Task statement: When you reach the line containing "this 320×180 image.", please repeat it and every line after it exactly, through the end of the listing below, skipping pictures.

Entries provided:
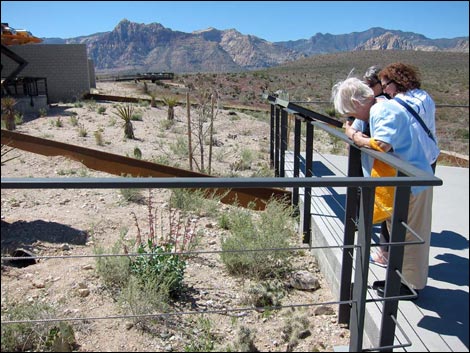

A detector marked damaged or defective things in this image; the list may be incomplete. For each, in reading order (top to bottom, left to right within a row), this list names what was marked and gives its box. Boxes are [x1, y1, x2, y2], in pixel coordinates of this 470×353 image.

rusted metal panel [2, 131, 290, 209]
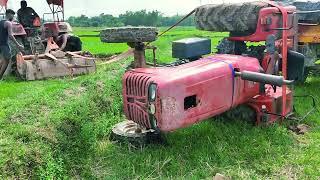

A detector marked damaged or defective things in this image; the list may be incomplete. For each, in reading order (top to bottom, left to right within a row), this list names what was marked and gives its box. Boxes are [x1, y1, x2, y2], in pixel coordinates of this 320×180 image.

rusty metal surface [100, 26, 158, 43]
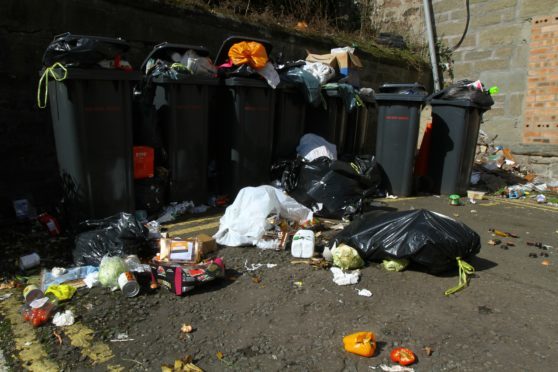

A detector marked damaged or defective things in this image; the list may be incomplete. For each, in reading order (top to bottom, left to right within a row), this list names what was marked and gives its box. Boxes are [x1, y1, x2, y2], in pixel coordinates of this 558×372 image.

torn packaging [334, 209, 484, 274]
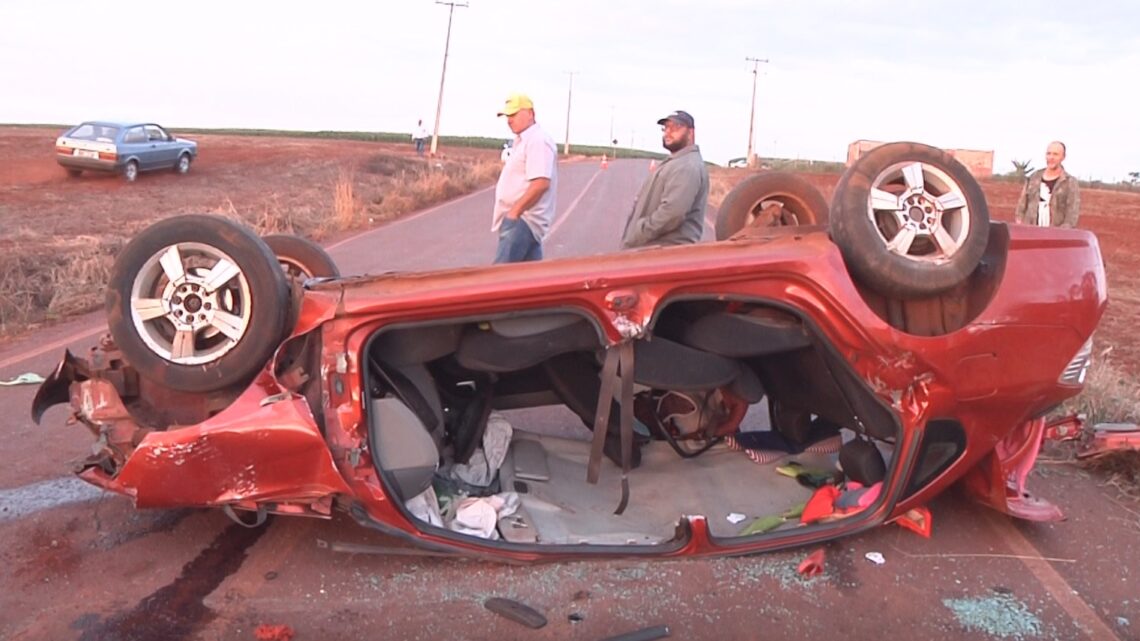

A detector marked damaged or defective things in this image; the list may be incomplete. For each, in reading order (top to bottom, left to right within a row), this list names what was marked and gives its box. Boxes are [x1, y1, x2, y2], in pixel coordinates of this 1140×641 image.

exposed wheel [104, 215, 288, 390]
exposed wheel [260, 231, 338, 278]
overturned red car [33, 144, 1104, 560]
exposed wheel [712, 170, 824, 240]
exposed wheel [824, 142, 984, 298]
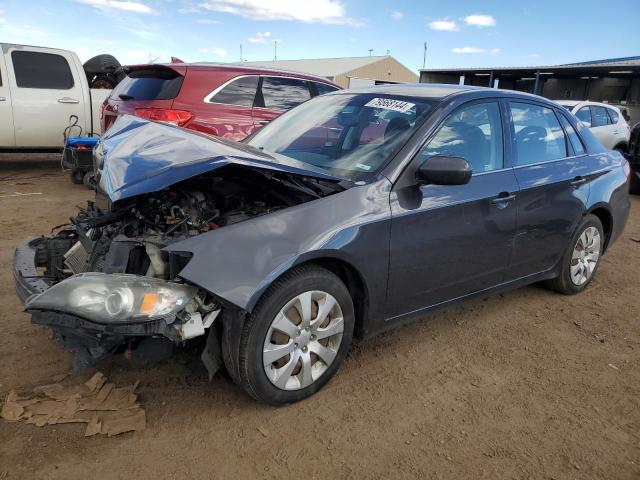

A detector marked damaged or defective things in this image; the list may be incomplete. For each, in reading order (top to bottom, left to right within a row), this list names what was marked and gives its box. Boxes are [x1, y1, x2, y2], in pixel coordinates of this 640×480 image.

cracked headlight [26, 272, 198, 324]
damaged blue sedan [13, 84, 632, 404]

Final answer:
A detector marked damaged or defective things in this image; the list may be incomplete. For each, in reading order (top to bottom, left to right within a row), this list names what was marked and gives its box. Boxes are [x1, y1, x2, y2], in pixel coordinates of this 320×180 image.

rusty metal surface [100, 26, 158, 43]

A detector marked damaged or defective things in this image; the list may be incomplete. For each, in reading order (top to bottom, left to right within a row), this list names what was marked and gives its box. Boxes are [x1, y1, x2, y2], in pixel coordinates of this 558×372 image.

torn packaging [334, 209, 484, 274]

A detector marked damaged or defective things in this image; the list may be incomplete. For each, in reading order (top to bottom, left to right within a row), this list names what was marked and gives its box. Boxes are [x1, y1, x2, y2], in pixel coordinates of this 1140×641 image.

exposed wheel [104, 215, 288, 390]
exposed wheel [260, 231, 338, 278]
overturned red car [33, 144, 1104, 560]
exposed wheel [712, 170, 824, 240]
exposed wheel [824, 142, 984, 298]

A detector marked damaged or defective things in this image; the list may be incomplete. For each, in reading order (top to bottom, left to right within a row), this list names what was marked and gives its box. Boxes are [x1, y1, x2, y2], in pixel coordinates of this 640×480 image.

cracked headlight [26, 272, 198, 324]
damaged blue sedan [13, 84, 632, 404]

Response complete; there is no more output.